[TensorIR][M1b] Scaffolding ScheduleState data structure #7765

junrushao · 2021-03-29T19:19:01Z

This PR is part of the stage M1b, TensorIR upstreaming plan (#7527), on the core data structure, ScheduleState.

This PR introduces two key concepts: BlockScope and ScheduleState. The ScheduleState provides a key method Replace, which allows all the schedule primitives to be developed around.

Detailed explanation of all the terminologies, concepts and algorithms is provided in the documentation.

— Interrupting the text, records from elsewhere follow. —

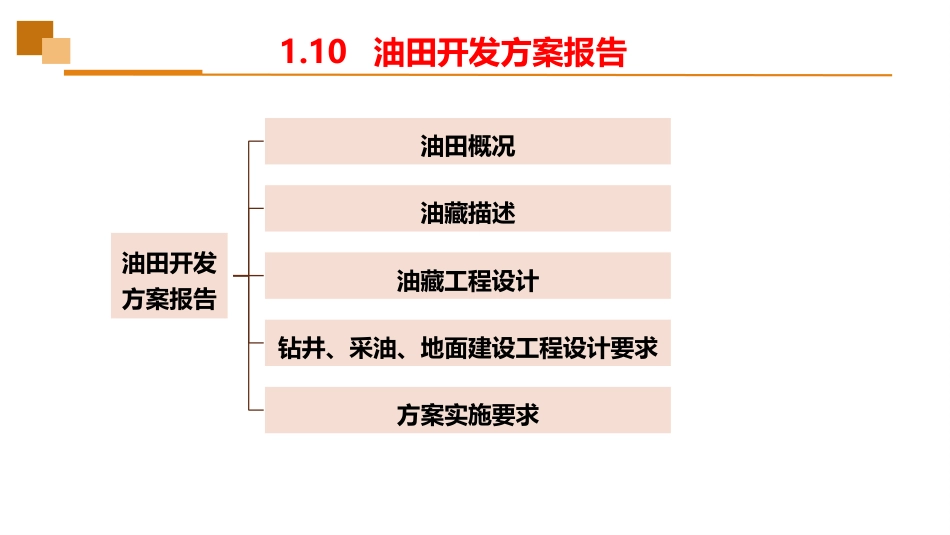 (1)--1.10油田方案报告编写_第2页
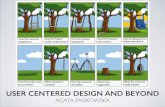 User Centered Design and Beyond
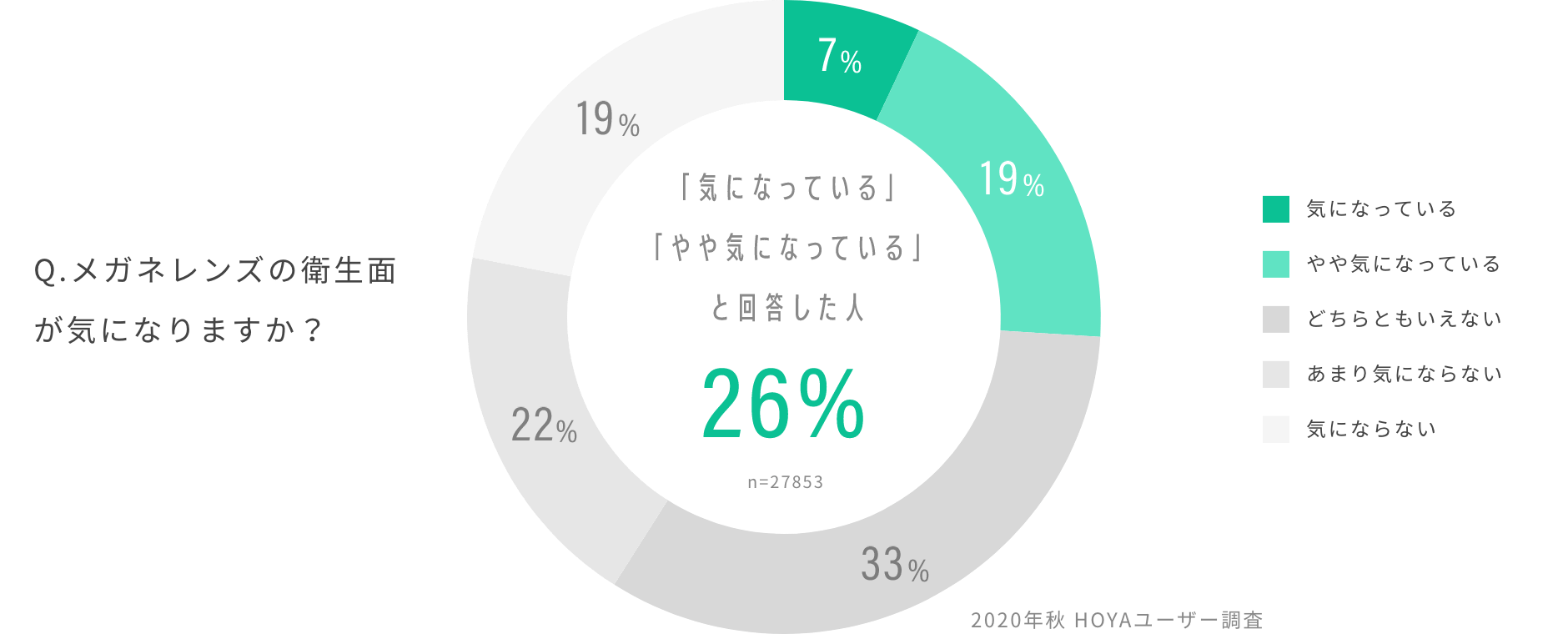Q.メガネレンズの衛生面が気になりますか？　「気になっている」「やや気になっている」と回答した人　26％（2020年秋HOYAユーザー調査）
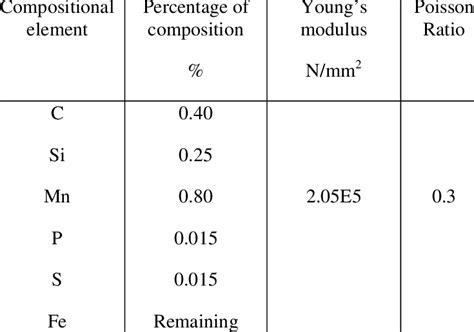 En8 Shaft Material Properties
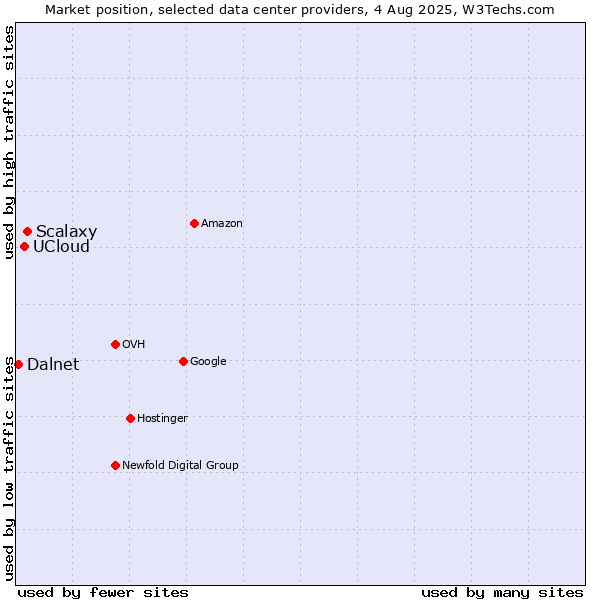 Market position of Scalaxy vs. UCloud vs. Dalnet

Co-authored-by: Siyuan Feng <Hzfengsy@sjtu.edu.cn>
Co-authored-by: Bohan Hou <32121147+spectrometerHBH@users.noreply.github.com>
Co-authored-by: Ruihang Lai <lairuihangdongdong@qq.com>
Co-authored-by: Hongyi Jin <3231950289@qq.com>
Co-authored-by: Wuwei Lin <wuwei@apache.org>

tqchen · 2021-03-29T19:27:00Z

cc @comaniac @jroesch @yzhliu @icemelon9 @jcf94

comaniac

Overall LGTM. Most comments are for comments and clarifications.
One major suggestion as listed in the comment is whether we should preserve the block name "root" and disallow duplicated block names in a scope of PrimFunc.

python/tvm/tir/stmt.py

python/tvm/tir/schedule/block_scope.py

include/tvm/tir/schedule/block_scope.h

python/tvm/tir/schedule/state.py

src/tir/schedule/state.cc

comaniac · 2021-03-29T22:44:28Z

src/tir/schedule/state.cc

+  constexpr int kVerifyAffineBinding = static_cast<int>(ScheduleDebugMask::kVerifyAffineBinding);
+  constexpr int kVerifyRegionCover = static_cast<int>(ScheduleDebugMask::kVerifyRegionCover);
+  constexpr int kVerifyStagePipeline = static_cast<int>(ScheduleDebugMask::kVerifyStagePipeline);
+  ICHECK_GE(debug_mode, -1);


We can just assign 8 to the True case, so that you don't need to deal with negative debug_mode.

I prefer not to. The reason is that we don't want to introduce a really magic number, and even worse perhaps in the future we do want to extend the verification so the magic number may change over time

Sorry I meant 15 (1111b, a full mask).

yeah a full mask (like INT_MAX) definitely works, but I would prefer -1 here to make the logic clear and invariant

... In my experience, I'm thinking that it will be better to use unsigned int as bit masks. 😄

Changing to unsigned integers makes sense to me, and we could use like (11...11)_2 for the full mask. What I was worrying about is passing unsigned integers around the TVM FFI would cause potential issues

Since Python doesn't have unsigned int, changing to unsigned int will result in inconsistency between Python and C++. Plus this debug_mode won't be increased to a large number in the future AFAIK, I'll take the current solution.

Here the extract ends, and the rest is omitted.